After finding the line with "Miscelatore da parete", restate it and each remaining line of the material word for word, omitting every picture.

**DATA SEGMENT:**
=====

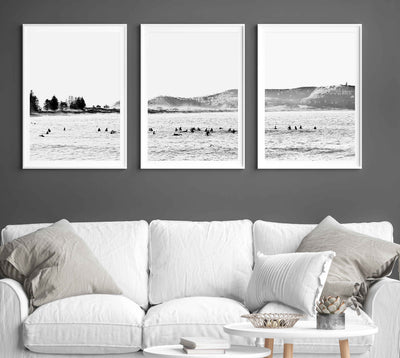 coastal wall art, set of 3, black & white prints | arrtopia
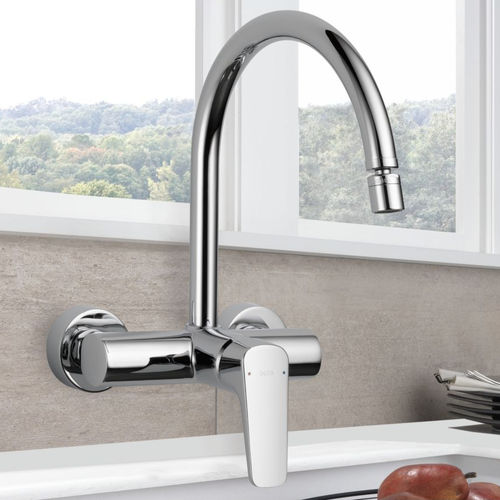 Miscelatore da parete - IXA JIVE : 44004-SQ - Delta - in metallo cromato / da cucina / 2 fori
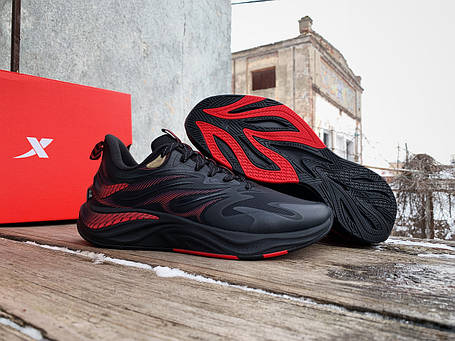Чоловічі оригінальні кросівки Xtep Running Shoes Black Red чорні, фото 1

=====

**ANSWER TO THIS PROBLEM:**
 Miscelatore da parete - IXA JIVE : 44004-SQ - Delta - in metallo cromato / da cucina / 2 fori
Чоловічі оригінальні кросівки Xtep Running Shoes Black Red чорні, фото 1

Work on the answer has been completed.